Exercise aim: Using the data that follows, give again word for word the lines between the one holding "Hey Michael, it's" and the one holding "I also bought", inclusive. Omit the pictures.

━━━━━ Data shown ━━━━━

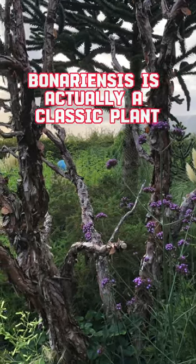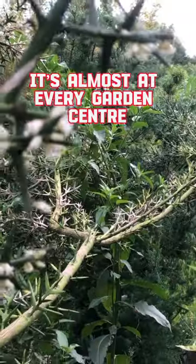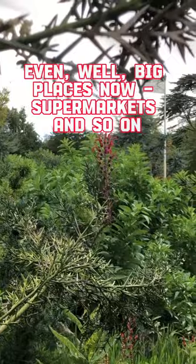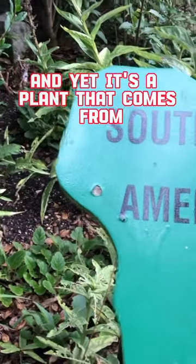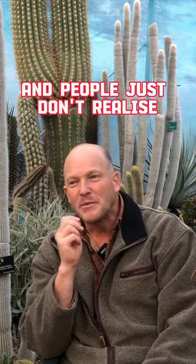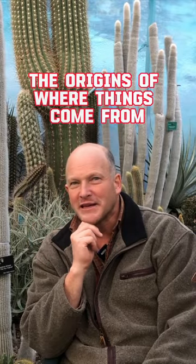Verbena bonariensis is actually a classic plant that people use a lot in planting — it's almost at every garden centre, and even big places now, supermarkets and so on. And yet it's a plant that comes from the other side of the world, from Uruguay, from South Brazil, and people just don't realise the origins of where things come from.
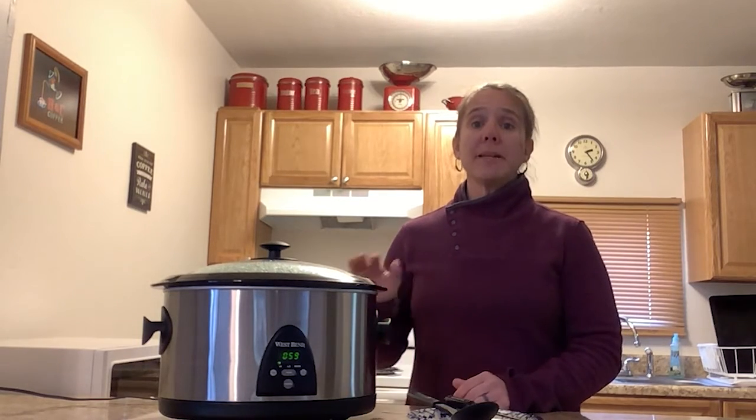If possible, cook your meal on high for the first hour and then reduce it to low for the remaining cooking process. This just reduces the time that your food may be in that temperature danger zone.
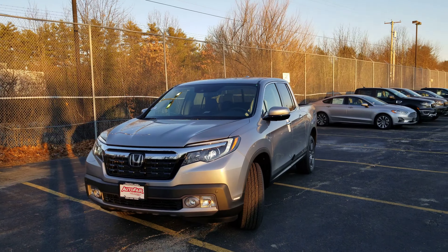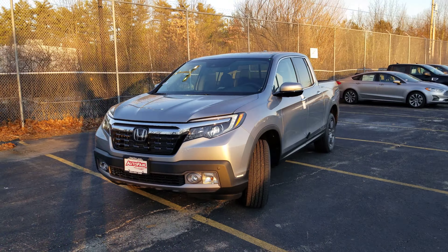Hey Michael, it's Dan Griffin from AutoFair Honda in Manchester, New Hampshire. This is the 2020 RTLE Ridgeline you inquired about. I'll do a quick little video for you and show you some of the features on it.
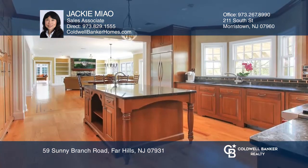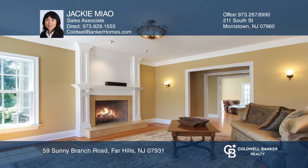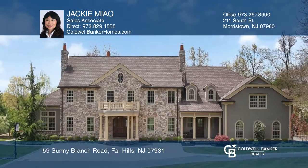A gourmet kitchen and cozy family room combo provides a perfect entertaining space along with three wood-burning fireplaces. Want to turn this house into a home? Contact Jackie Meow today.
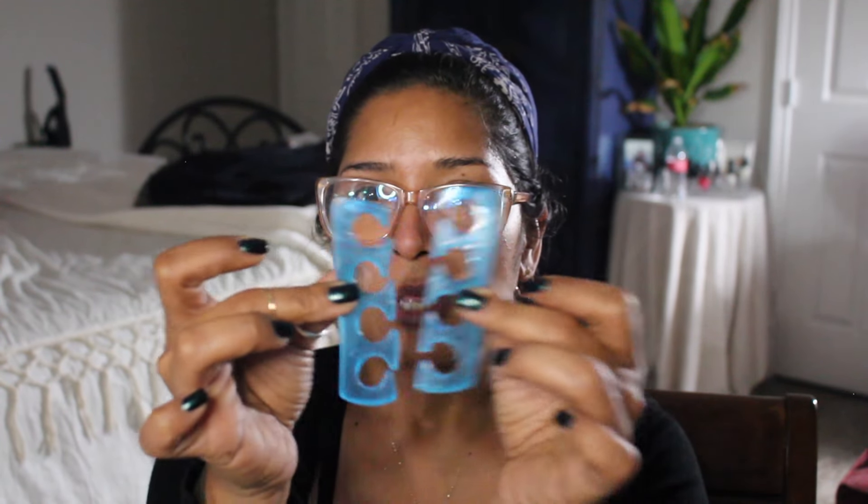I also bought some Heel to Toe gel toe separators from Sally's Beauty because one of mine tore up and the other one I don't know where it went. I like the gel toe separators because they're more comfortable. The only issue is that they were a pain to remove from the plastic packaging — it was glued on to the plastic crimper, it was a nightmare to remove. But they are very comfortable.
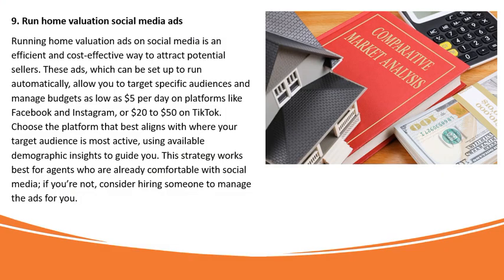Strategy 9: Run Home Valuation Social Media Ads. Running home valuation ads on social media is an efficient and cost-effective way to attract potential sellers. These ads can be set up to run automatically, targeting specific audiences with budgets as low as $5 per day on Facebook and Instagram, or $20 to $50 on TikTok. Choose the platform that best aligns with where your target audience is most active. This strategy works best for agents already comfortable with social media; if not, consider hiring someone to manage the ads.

━━━━━
━━━━━ Data shown ━━━━━

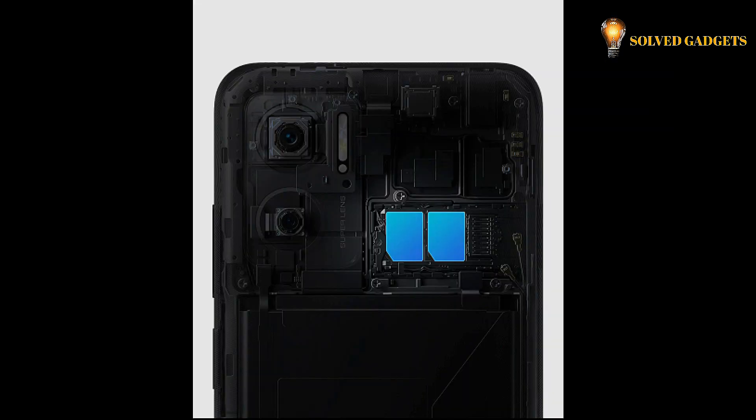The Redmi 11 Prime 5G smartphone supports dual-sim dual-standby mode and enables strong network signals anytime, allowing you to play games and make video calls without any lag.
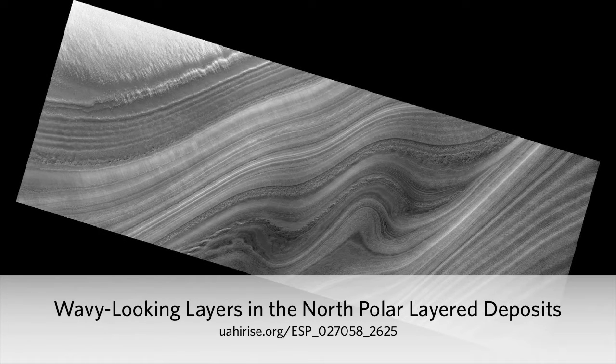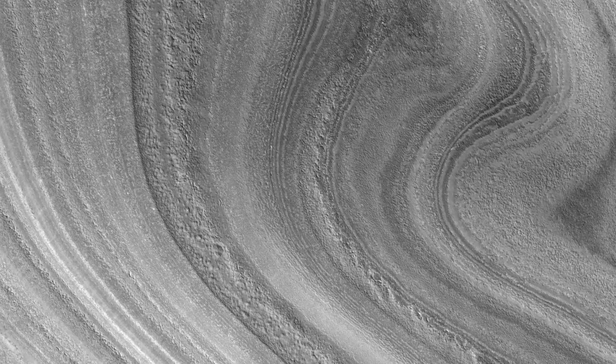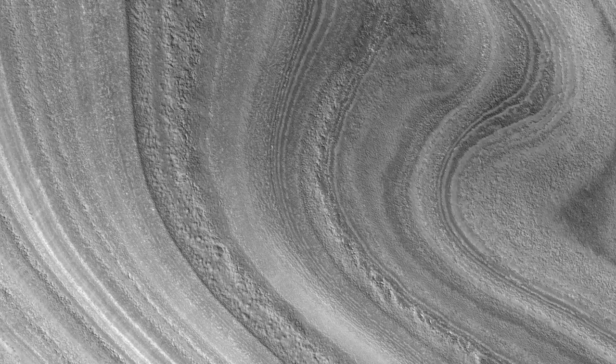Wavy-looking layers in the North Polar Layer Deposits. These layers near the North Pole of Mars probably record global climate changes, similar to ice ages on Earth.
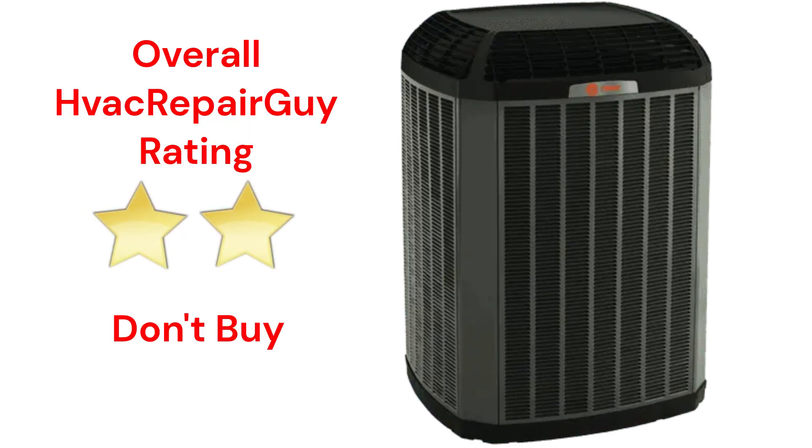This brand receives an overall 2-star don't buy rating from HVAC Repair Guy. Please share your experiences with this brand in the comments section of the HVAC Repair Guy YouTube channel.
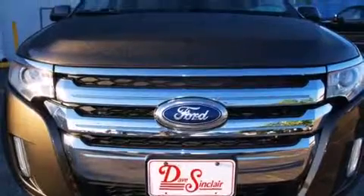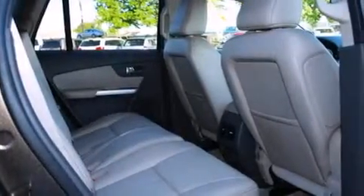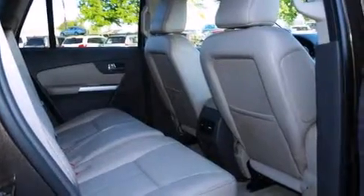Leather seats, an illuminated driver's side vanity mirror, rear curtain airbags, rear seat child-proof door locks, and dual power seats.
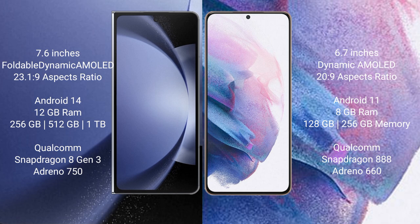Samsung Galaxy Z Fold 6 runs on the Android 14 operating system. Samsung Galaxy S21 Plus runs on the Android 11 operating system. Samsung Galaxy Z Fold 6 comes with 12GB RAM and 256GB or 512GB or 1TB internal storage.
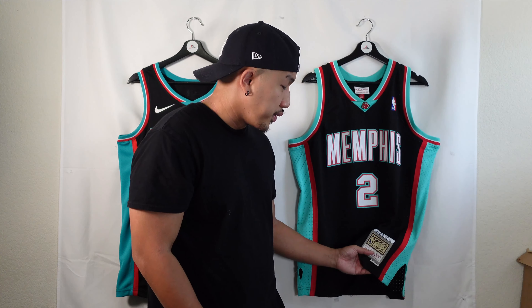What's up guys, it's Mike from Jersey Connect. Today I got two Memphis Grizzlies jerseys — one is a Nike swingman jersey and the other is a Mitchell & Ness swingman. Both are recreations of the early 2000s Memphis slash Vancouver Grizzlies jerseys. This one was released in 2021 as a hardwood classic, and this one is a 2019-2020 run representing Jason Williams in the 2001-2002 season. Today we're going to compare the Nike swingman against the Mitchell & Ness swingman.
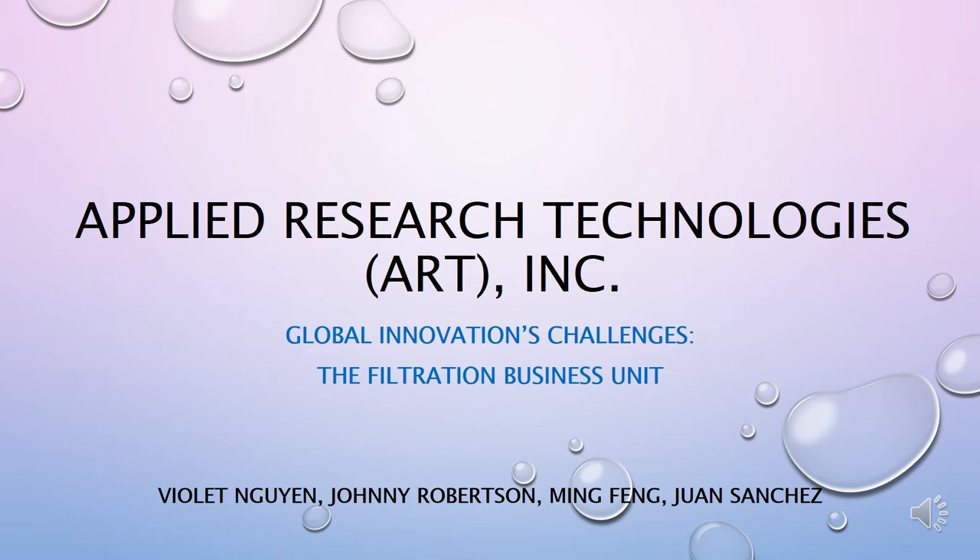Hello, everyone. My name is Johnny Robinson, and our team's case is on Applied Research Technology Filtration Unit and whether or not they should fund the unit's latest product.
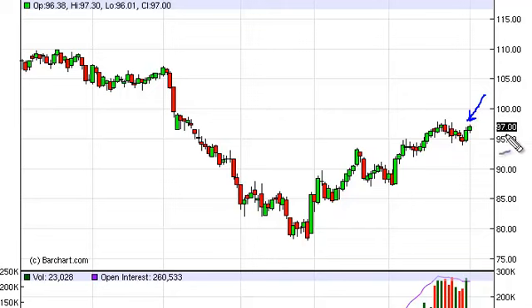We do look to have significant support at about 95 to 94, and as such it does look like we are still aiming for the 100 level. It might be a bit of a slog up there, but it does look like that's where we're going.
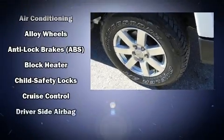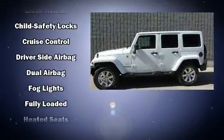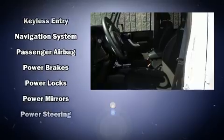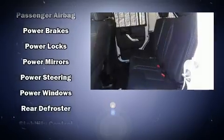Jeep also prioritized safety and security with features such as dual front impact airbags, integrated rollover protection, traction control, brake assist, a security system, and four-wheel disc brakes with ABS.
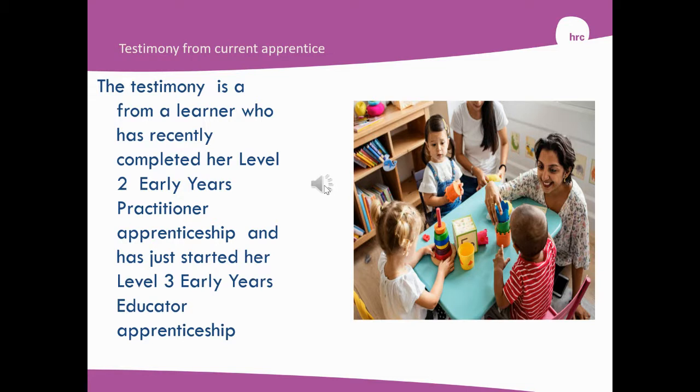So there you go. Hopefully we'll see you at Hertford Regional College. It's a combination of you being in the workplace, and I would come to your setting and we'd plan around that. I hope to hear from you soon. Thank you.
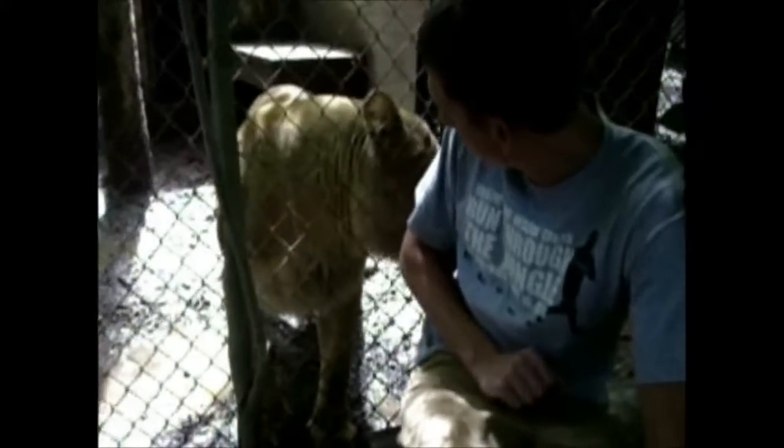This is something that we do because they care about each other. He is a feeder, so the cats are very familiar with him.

━━━━━

Result of this exercise:
Hey Michael, it's Dan Griffin from AutoFair Honda in Manchester, New Hampshire. This is the 2020 RTLE Ridgeline you inquired about. I'll do a quick little video for you and show you some of the features on it.
A gourmet kitchen and cozy family room combo provides a perfect entertaining space along with three wood-burning fireplaces. Want to turn this house into a home? Contact Jackie Meow today.
I also bought some Heel to Toe gel toe separators from Sally's Beauty because one of mine tore up and the other one I don't know where it went. I like the gel toe separators because they're more comfortable. The only issue is that they were a pain to remove from the plastic packaging — it was glued on to the plastic crimper, it was a nightmare to remove. But they are very comfortable.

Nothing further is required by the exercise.